10年ほど前に動的治療を終えて、保定に入った患者さんが今日来院した。現在は仮診療所で手狭なため、ここには僅かな資料しか置いてなく、10キロほど離れた倉庫にすべて保管してある。
このような場合、それを取りに行くため電話がかかってきても、当日と言うわけにはいかない。資料は整理してあるため探すのにそれほど困難はなかった。
カルテを見ると当時20歳くらいの女性で、保定になってからは2回しか来ていない。そして2回目には「リテーナーの使用はよくないが比較的安定している」と書かれていた。
そしてカルテはそれから1年後くらいに「終了」の扱いになっていた。
来院して口の中を診て現在の歯列咬合と10年前の動的治療の終えた時の歯型を比べてみると、大きくはくずれていない。まあ安定しているほうだと見た。

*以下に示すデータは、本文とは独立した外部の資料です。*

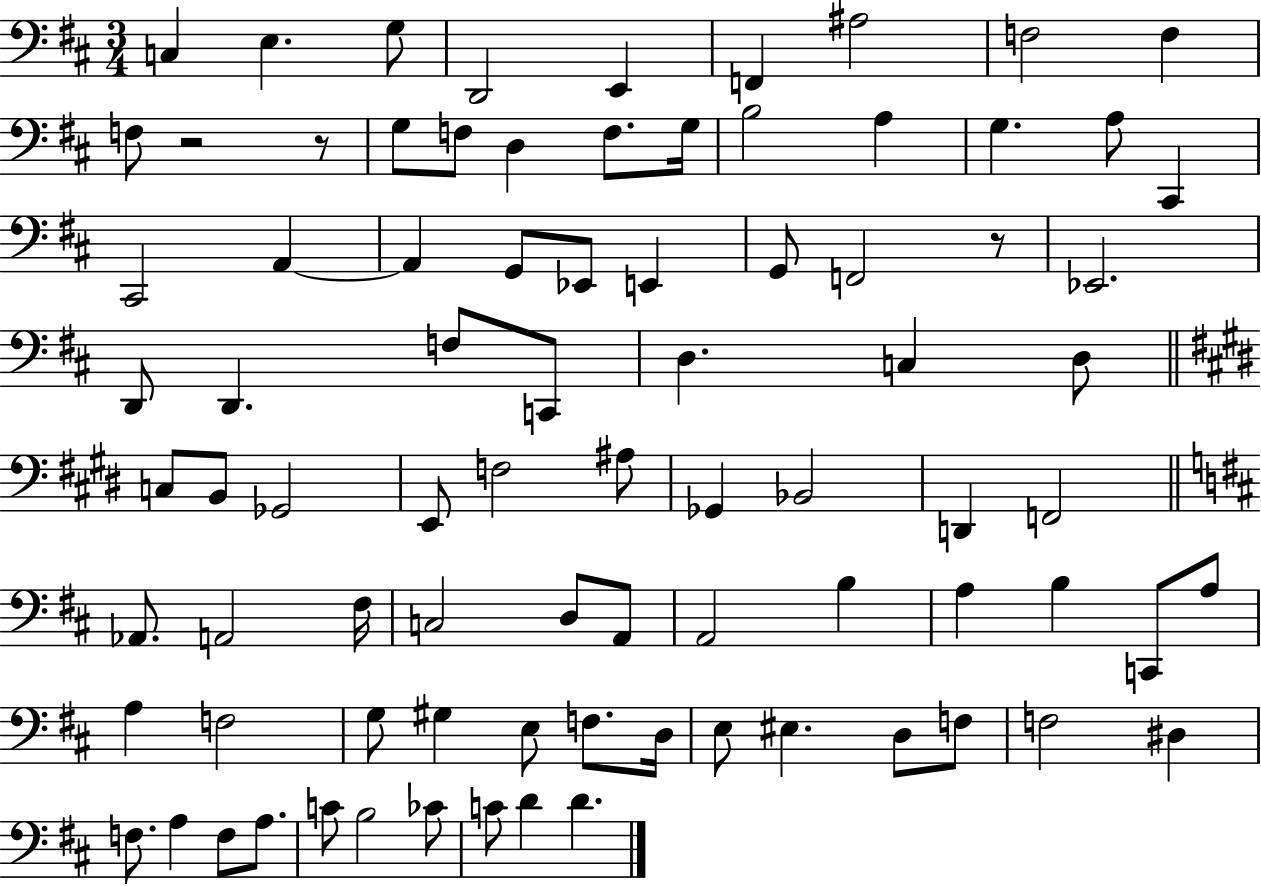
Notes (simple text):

C3/q E3/q. G3/e D2/h E2/q F2/q A#3/h F3/h F3/q F3/e R/h R/e G3/e F3/e D3/q F3/e. G3/s B3/h A3/q G3/q. A3/e C#2/q C#2/h A2/q A2/q G2/e Eb2/e E2/q G2/e F2/h R/e Eb2/h. D2/e D2/q. F3/e C2/e D3/q. C3/q D3/e C3/e B2/e Gb2/h E2/e F3/h A#3/e Gb2/q Bb2/h D2/q F2/h Ab2/e. A2/h F#3/s C3/h D3/e A2/e A2/h B3/q A3/q B3/q C2/e A3/e A3/q F3/h G3/e G#3/q E3/e F3/e. D3/s E3/e EIS3/q. D3/e F3/e F3/h D#3/q F3/e. A3/q F3/e A3/e. C4/e B3/h CES4/e C4/e D4/q D4/q.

しかし抜歯スペースはすこし空いてきているところもあり、僅かな叢生もみられる。
リテーナーは10年間、上顎だけを、たまに使用していたが最近なくしたと言う。
いままで使っていたリテーナーと同じものを作ってほしいと言うが、10年前の模型で作るわけにもいかない。
そこで、このままリテーナーを使わないか、気になる部分の歯をを模型上で動かして柔らかい素材でリテーナーを作るかどちらかの選択を提案して、後者となった。
保定を開始してすぐに来なくなってしまう人は決して少なくはない。その心理はどんなものなのだろうか。あれだけ保定の重要性は説明したはずなのにと思う。来院しないのに10年リテーナーを全く使っていなかったわけではなかったのは?
いろんな事情や考え方があるのだろうと思う。しかし10年たっても、訪ねてきてくれる人がいるので資料は捨てられない。